Unmarriageable by Soniah Kamal




It is a truth universally acknowledged that a girl can go from pauper to princess or princess to pauper in the mere seconds it takes for her to accept a proposal.

When Alysba Binat began working at age twenty as the English literature teacher at the British School of Dilipabad, she had thought it would be a temporary solution to the sudden turn of fortune that had seen Mr Barkat ‘Bark’ Binat and Mrs Khushboo ‘Pinkie’ Binat and their five daughters – Jenazba, Alysba, Marizba, Qittyara, and Lady – move from big-city Lahore to backwater Dilipabad. But here she was, ten years later, thirty years old, and still in the job she’d grown to love despite its challenges. Her new batch of Year 10s were starting Pride and Prejudice, and their first homework had been to rewrite the opening sentence of Jane Austen’s novel, always a fun activity and a good way for her to get to know her students better.
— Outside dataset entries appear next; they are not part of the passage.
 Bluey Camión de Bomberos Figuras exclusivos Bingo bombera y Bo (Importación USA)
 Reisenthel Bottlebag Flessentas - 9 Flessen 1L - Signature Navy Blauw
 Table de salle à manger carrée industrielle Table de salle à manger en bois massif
After Alys took attendance, she opened a fresh box of multicoloured chalks and invited the girls to share their sentences on the blackboard. The first to jump up was Rose-Nama, a crusader for duty and decorum, and one of the more trying students. Rose-Nama deliberately bypassed the coloured chalks for a plain white one, and Alys braced herself for a reimagined sentence exulting a traditional life – marriage, children, death. As soon as Rose-Nama ended with mere seconds it takes for her to accept a proposal, the class erupted into cheers, for it was true: a ring did possess magical powers to transform into pauper or princess. Rose-Nama gave a curtsy and, glancing defiantly at Alys, returned to her desk.
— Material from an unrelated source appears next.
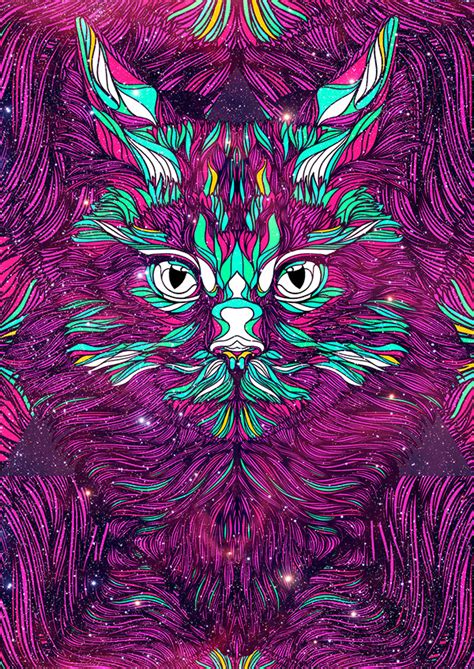 Space Cat on Behance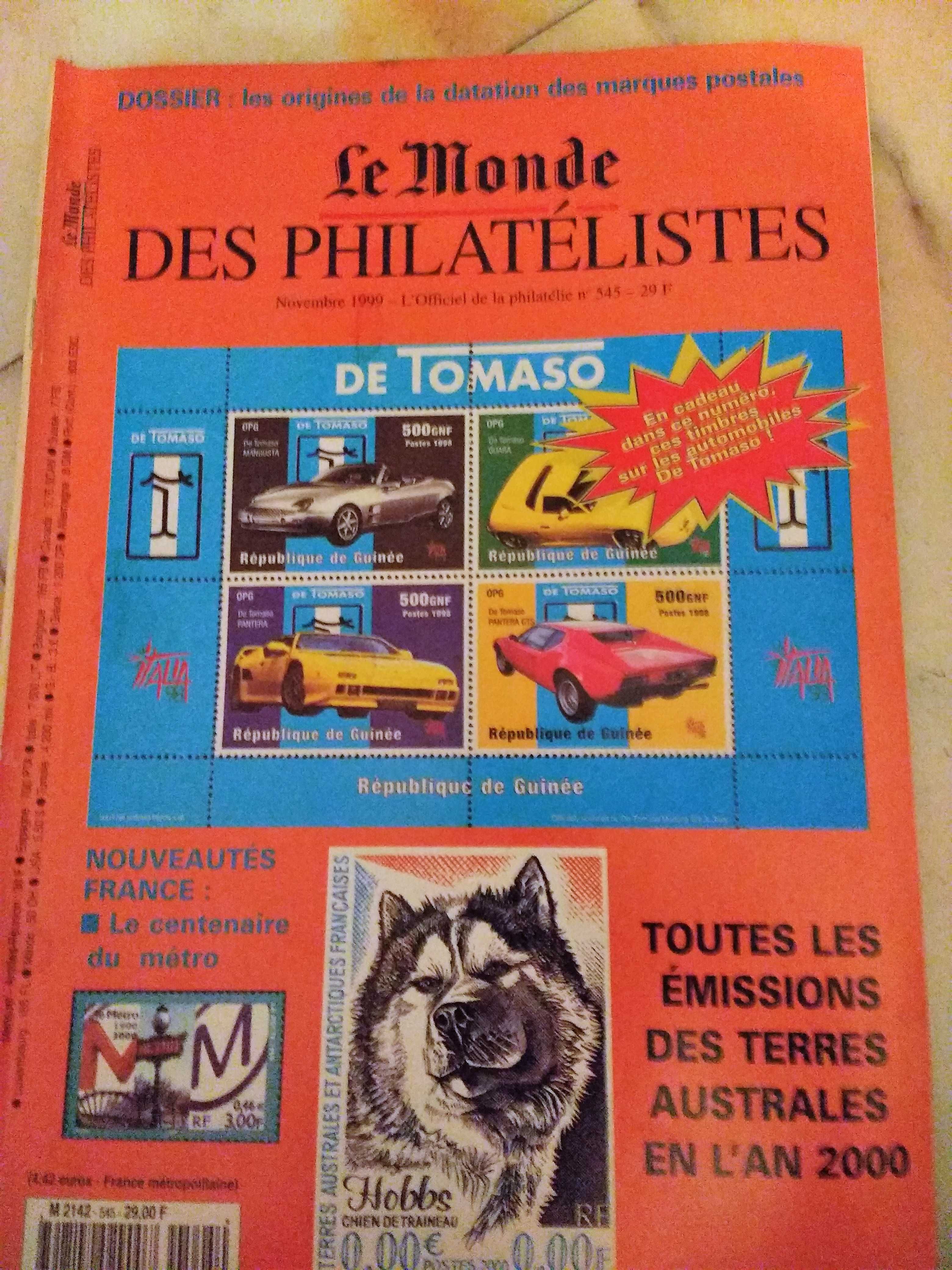 Revistas filatelia "Le Monde des Philatélistes" (oferta do envio)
‘Good job,’ Alys said. ‘Who wants to go next?’

As hands shot up, she looked affectionately at the girls at their wooden desks, their winter uniforms impeccably washed and pressed by dhobis and maids, their long braids (for good girls did not get a boyish cut like Alys’s) draped over their books, and she wondered who they’d end up becoming by the end of secondary school. She recalled herself at their age – an eager-to-learn though ultimately naive Ms Know-It-All.

‘Miss Alys, me me me,’ the class clown said, pumping her hand energetically.

Alys nodded, and the girl selected a blue chalk and began to write.

It is a truth universally acknowledged that a young girl in possession of a pretty face, a fair complexion, a slim figure, and good height is not going to happily settle for a very ugly husband if he doesn’t have enough money, unless she has the most incredible bad luck (which my cousin does).

The class exploded into laughter and Alys smiled too.

‘My cousin’s biggest complaint,’ the girl said, her eyes twinkling, ‘is that he’s so hairy. Miss Alys, how is it fair that girls are expected to wax everywhere but boys can be as hairy as gorillas?’

‘Double standards,’ Alys said.

‘Oof,’ Rose-Nama said. ‘Which girl wants a moustache and a hairy back? I don’t.’

A chorus of I don’ts filled the room, and Alys was glad to see all the class energised and participating.

‘I don’t either,’ Alys said complacently, ‘but the issue is that women don’t seem to have a choice that is free from judgement.’

‘Miss Alys,’ called out a popular girl. ‘Can I go next?’

It is unfortunately not a truth universally acknowledged that it is better to be alone than to have fake friendships.

As soon as she finished the sentence, the popular girl tossed the pink chalk into the box and glared at another girl across the room. Great, Alys thought, as she told her to sit down; they’d still not made up. Alys was known as the teacher you could go to with any issue and not be busted, and both girls had come to her separately, having quarrelled over whether one could have only one best friend. Ten years ago, Alys would have panicked at such disruptions. Now she barely blinked. Also, being one of five sisters had its perks, for it was good preparation for handling classes full of feisty girls.

Another student got up and wrote in red:

It is a truth universally acknowledged that every marriage, no matter how good, will have ups and downs.

‘This class is a wise one,’ Alys said to the delighted girl.

The classroom door creaked open from the December wind, a soft whistling sound that Alys loved. The sky was darkening and rain dug into the school lawn, where, weather permitting, classes were conducted under the sprawling century-old banyan tree and the girls loved to let loose and play rowdy games of rounders and cricket. Cold air wafted into the room and Alys wrapped her shawl tightly around herself. She glanced at the clock on the mildewed wall.

‘We have time for a couple more sentences,’ and she pointed to a shy girl at the back. The girl took a green chalk and, biting her lip, began to write:

It is a truth universally acknowledged that if you are the daughter of rich and generous parents, then you have the luxury to not get married just for security.

‘Wonderful observation,’ Alys said kindly, for, according to Dilipabad’s healthy rumour mill, the girl’s father’s business was currently facing setbacks. ‘But how about the daughter earn a good income of her own and secure this freedom for herself?’

‘Yes, miss,’ the girl said quietly as she scuttled back to her chair.